Marker Execution: Does the message `!!! appear? RUNNING OPCODE 0x08 IN C++!!!` in the logs? This will confirm that we are running the correct version of the code.
Origin of Misalignment: If the marker appears but the sequence is still absurd, the problem is that the CPU incorrectly jumped to a data zone. We need to investigate what caused that jump.
Binary Persistence: If the bookmark does not appear, we confirm that there is a cache problem.
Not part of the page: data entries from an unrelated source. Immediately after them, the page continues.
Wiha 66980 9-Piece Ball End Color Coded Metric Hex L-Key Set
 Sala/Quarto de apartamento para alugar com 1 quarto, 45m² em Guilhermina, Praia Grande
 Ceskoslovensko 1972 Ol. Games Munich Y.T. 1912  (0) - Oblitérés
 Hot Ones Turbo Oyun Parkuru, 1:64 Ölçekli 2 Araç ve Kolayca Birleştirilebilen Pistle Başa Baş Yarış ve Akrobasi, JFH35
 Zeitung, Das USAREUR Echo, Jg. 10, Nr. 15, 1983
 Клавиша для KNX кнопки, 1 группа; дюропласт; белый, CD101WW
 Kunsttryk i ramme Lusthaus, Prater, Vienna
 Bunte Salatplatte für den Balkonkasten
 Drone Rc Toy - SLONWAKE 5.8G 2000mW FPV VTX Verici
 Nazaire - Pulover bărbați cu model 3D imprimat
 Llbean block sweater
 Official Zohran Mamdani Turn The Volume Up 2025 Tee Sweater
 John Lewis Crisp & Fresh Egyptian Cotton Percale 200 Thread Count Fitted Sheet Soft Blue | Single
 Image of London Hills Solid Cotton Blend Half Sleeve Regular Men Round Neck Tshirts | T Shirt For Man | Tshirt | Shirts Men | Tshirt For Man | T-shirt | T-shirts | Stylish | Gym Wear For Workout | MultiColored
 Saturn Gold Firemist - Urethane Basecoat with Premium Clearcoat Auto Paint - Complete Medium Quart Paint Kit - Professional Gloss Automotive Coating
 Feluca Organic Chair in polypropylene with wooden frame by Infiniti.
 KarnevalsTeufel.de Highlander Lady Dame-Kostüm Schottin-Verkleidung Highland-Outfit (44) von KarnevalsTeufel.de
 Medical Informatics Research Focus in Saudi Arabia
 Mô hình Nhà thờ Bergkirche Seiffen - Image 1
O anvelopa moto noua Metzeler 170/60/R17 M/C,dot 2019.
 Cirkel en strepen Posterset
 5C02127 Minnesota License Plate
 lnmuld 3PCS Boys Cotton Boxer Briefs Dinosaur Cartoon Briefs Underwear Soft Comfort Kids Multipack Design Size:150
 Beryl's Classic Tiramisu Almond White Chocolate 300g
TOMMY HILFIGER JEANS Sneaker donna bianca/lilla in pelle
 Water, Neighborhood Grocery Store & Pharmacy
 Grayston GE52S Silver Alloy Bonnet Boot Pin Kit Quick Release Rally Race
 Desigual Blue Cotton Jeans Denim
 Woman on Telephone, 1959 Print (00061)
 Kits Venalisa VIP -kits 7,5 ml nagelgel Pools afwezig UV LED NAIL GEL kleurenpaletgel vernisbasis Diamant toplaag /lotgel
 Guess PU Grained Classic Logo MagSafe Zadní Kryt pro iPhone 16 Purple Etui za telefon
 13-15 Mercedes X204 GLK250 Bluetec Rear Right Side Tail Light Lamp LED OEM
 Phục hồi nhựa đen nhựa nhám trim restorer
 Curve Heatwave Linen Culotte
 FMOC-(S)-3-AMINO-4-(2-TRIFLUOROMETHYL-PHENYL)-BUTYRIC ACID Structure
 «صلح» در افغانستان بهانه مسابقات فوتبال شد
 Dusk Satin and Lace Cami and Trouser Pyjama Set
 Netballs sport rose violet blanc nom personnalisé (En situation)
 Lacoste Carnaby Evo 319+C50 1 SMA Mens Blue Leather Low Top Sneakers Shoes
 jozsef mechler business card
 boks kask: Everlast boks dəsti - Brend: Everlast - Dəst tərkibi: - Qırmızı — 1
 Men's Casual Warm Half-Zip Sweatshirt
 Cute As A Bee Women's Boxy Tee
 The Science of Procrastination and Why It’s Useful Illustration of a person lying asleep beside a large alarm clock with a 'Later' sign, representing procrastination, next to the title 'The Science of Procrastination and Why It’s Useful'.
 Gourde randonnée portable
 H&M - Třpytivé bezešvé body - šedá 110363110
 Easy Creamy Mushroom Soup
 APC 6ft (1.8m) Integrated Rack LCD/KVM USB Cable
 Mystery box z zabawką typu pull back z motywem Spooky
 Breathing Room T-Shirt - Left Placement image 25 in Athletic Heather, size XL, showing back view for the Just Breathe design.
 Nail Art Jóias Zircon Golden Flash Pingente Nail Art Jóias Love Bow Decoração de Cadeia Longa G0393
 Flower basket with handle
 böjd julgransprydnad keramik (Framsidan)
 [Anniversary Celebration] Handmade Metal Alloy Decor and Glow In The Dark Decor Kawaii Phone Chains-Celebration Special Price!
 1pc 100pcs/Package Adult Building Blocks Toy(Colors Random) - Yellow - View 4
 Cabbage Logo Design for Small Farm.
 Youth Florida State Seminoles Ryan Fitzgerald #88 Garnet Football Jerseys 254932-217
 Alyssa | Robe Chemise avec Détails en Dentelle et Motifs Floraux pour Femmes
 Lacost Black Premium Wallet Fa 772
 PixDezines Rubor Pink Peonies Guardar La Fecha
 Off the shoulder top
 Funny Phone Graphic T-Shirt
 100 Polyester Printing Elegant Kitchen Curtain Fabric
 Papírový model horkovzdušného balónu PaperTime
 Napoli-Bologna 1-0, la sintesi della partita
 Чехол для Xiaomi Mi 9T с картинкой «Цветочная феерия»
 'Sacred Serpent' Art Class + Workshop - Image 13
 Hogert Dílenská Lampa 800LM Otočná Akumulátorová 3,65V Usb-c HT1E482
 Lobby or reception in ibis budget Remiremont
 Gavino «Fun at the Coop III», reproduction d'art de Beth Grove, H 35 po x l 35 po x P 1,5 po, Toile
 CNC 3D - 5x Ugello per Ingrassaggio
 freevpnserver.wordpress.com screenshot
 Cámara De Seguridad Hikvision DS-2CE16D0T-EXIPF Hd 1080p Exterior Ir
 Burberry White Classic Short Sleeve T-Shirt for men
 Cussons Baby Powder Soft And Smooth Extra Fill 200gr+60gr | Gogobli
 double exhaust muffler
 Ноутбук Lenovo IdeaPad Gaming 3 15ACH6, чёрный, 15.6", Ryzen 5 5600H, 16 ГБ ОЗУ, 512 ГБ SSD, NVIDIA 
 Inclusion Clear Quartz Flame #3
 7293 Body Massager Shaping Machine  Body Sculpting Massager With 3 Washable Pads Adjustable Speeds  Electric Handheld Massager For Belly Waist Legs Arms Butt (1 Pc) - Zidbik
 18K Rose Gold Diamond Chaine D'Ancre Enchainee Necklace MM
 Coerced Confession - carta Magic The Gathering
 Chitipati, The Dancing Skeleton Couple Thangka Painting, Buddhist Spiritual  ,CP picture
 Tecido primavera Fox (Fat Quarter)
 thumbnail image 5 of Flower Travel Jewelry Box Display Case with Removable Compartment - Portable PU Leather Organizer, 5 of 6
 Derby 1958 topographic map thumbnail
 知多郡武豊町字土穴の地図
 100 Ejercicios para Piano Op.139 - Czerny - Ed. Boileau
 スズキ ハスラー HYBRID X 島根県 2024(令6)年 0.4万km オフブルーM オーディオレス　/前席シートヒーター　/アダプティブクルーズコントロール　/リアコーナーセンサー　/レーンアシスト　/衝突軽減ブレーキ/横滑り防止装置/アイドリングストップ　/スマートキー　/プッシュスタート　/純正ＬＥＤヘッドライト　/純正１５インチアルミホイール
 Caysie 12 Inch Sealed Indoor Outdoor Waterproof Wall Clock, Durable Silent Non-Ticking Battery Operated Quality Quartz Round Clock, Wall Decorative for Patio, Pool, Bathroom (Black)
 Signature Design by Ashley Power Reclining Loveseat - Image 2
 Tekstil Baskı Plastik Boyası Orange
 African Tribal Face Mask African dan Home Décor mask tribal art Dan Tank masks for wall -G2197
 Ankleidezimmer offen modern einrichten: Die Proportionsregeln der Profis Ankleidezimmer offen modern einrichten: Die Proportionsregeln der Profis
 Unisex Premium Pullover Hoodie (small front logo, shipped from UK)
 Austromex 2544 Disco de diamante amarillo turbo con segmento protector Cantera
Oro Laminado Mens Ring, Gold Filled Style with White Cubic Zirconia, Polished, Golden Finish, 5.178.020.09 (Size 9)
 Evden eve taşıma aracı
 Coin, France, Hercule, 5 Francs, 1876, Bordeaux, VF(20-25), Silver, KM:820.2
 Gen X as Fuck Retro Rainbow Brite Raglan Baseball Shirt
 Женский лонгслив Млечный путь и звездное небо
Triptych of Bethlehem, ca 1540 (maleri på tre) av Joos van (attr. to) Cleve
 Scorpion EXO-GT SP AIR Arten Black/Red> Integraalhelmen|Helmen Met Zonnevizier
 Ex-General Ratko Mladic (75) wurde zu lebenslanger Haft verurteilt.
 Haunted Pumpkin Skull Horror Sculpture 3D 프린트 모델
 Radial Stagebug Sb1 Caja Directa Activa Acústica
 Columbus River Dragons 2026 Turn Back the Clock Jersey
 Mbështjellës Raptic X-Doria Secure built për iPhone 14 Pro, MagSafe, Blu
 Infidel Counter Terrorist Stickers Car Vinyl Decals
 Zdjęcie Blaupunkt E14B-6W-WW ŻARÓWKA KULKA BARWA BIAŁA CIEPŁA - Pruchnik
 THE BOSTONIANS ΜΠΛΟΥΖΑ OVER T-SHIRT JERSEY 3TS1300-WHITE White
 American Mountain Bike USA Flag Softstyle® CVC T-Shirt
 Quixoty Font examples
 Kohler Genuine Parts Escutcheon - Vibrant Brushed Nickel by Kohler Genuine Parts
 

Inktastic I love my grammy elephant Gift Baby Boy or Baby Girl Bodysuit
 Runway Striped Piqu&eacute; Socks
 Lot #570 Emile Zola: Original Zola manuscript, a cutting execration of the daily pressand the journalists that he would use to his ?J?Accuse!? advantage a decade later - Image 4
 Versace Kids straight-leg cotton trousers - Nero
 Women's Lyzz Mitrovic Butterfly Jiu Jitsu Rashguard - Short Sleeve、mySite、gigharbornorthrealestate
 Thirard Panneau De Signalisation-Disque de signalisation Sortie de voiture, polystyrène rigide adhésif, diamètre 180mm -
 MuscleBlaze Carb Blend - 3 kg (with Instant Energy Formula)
We need to do a more aggressive Hard Reset or check the build settings.

Hypotheses and Assumptions

Main hypothesis: The absurd sequence problem may be caused by:

An earlier incorrect jump that took the CPU to an area of data (graphs, tables) instead of code.
A binary cache issue on Windows that is running an old version of the code where the `0x08` opcode was not implemented correctly.
A misalignment caused by a previous incorrect implementation of the `0x08` opcode (e.g. if it previously consumed 1 byte instead of 3, the PC would have advanced incorrectly).

The radioactive tracer will tell us which of these hypotheses is correct.

Next Steps

[ ] Perform Hard Reset: Close terminals, delete `build/` and `.pyd` files.
[ ] Recompile the C++ extension with the radioactive marker.
[ ] Run Tetris and capture the logs.
[ ] Analyze if the message `!!! RUNNING OPCODE 0x08 IN C++!!!`.
[ ] If it appears: Confirm that the code is real and investigate the origin of the incorrect jump.
[ ] If it does not appear: Do a more aggressive Hard Reset or check the build configuration.
[ ] Once confirmed, delete the radioactive marker so as not to slow down the execution.